Download the Titanic data#

For this page and the ones that follow, we will be working with the Titanic dataset. The full dataset can be found on Kaggle, but we will only be using the training data, which we have made available here.

To follow the exercises and use the code exactly as written below, you will need to download the data and place it in a folder called ‘data’ in the same directory as your Jupyter notebook. In other words, the folder where your notebook is located should contain a subfolder named ‘data’, which holds the file ‘titanic.csv’.


Import Pandas#

# This line imports the pandas library and aliases it as 'pd'.

import pandas as pd

Current working directory#

The %pwd command (print working directory) is known as a “magic command” in Jupyter Notebook.
You can read more about magic commands here.

It is used to display the current working directory (cwd) within the notebook environment.

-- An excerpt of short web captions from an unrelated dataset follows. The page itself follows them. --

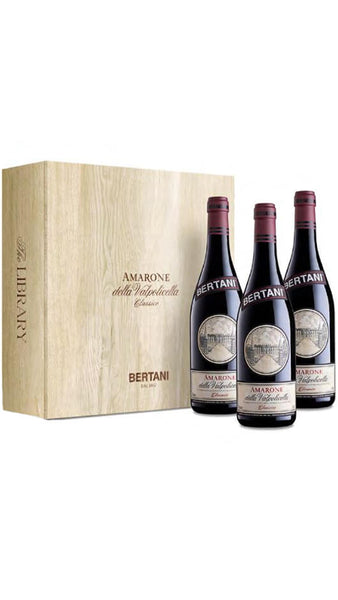 Amarone della Valpolicella Classico - The Library - Wooden box 3 bottles - 2007-2008-2010 - Bertani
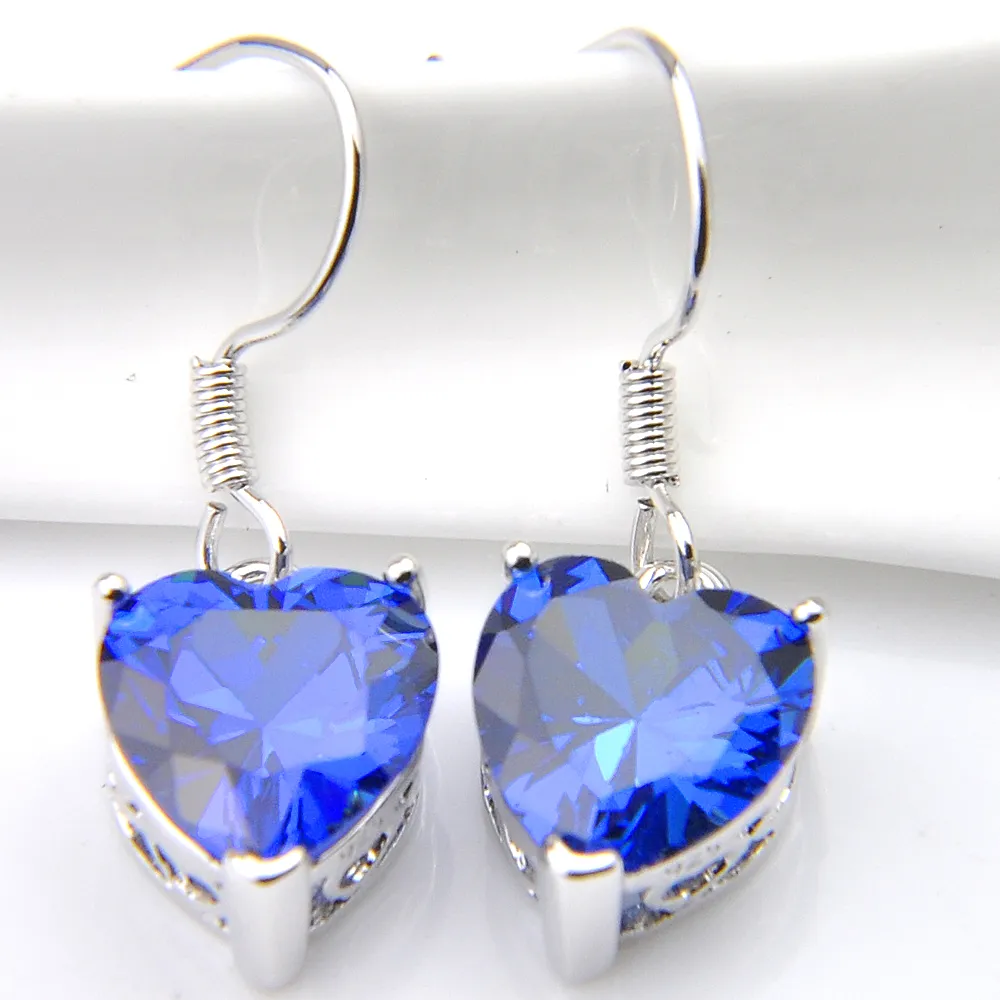 luckyshine 925 zilveren vrouwen oorbel sieraden hartvormige blauwe topaas bruiloften partij zirkoon sieraden haak oorbellen gratis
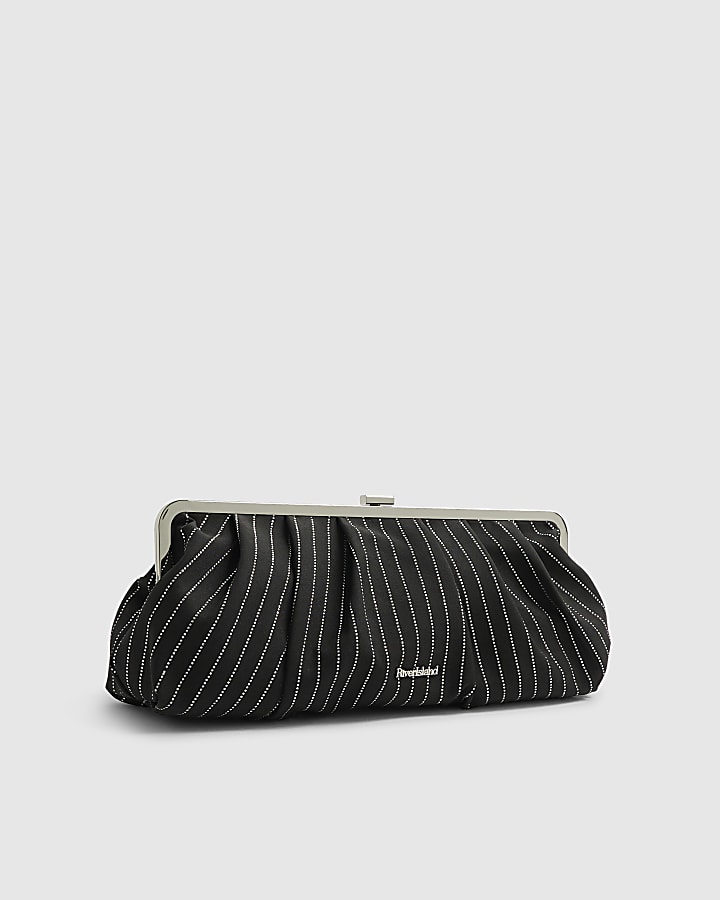 Black Pinstripe Clutch Bag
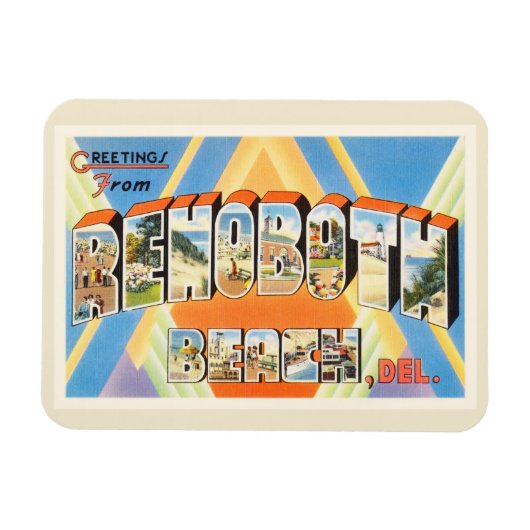Rehoboth Beach Delaware DE Vintage Travel Briefkaa Magneet (Horizontaal)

This is the folder where the Jupyter Notebook is running.
Understanding the current working directory is important for file operations like reading and writing files.

%pwd

Creating a DataFrame from a CSV file#

CSV (Comma Separated Values) is a simple file format used to store tabular data, such as a spreadsheet or database.

See also

For more information on working with CSV files in Python, see GeeksforGeeks.

The pd.read_csv() function is used to read the data from the file ‘data/titanic.csv’.

The file is located in the ‘data’ directory, relative to the current working directory.
I.e., in the folder where your notebook is located, you should have a folder named ‘data’ containing the file ‘titanic.csv’.

The resulting DataFrame ‘titanic’ contains the dataset, ready for analysis and manipulation.

# Load the Titanic dataset from a CSV file into a DataFrame named 'titanic'.

titanic = pd.read_csv('data/titanic.csv')
# Display the DataFrame 'titanic'.

titanic
Hide code cell output
PassengerId Survived Pclass Name Sex Age SibSp Parch Ticket Fare Cabin Embarked
0 1 0 3 Braund, Mr. Owen Harris male 22.0 1 0 A/5 21171 7.2500 NaN S
1 2 1 1 Cumings, Mrs. John Bradley (Florence Briggs Th... female 38.0 1 0 PC 17599 71.2833 C85 C
2 3 1 3 Heikkinen, Miss. Laina female 26.0 0 0 STON/O2. 3101282 7.9250 NaN S
3 4 1 1 Futrelle, Mrs. Jacques Heath (Lily May Peel) female 35.0 1 0 113803 53.1000 C123 S
4 5 0 3 Allen, Mr. William Henry male 35.0 0 0 373450 8.0500 NaN S
... ... ... ... ... ... ... ... ... ... ... ... ...
886 887 0 2 Montvila, Rev. Juozas male 27.0 0 0 211536 13.0000 NaN S
887 888 1 1 Graham, Miss. Margaret Edith female 19.0 0 0 112053 30.0000 B42 S
888 889 0 3 Johnston, Miss. Catherine Helen "Carrie" female NaN 1 2 W./C. 6607 23.4500 NaN S
889 890 1 1 Behr, Mr. Karl Howell male 26.0 0 0 111369 30.0000 C148 C
890 891 0 3 Dooley, Mr. Patrick male 32.0 0 0 370376 7.7500 NaN Q

891 rows × 12 columns

Note, even though we only see the first and last five rows, we actually read the whole DataFrame into the kernel’s memory.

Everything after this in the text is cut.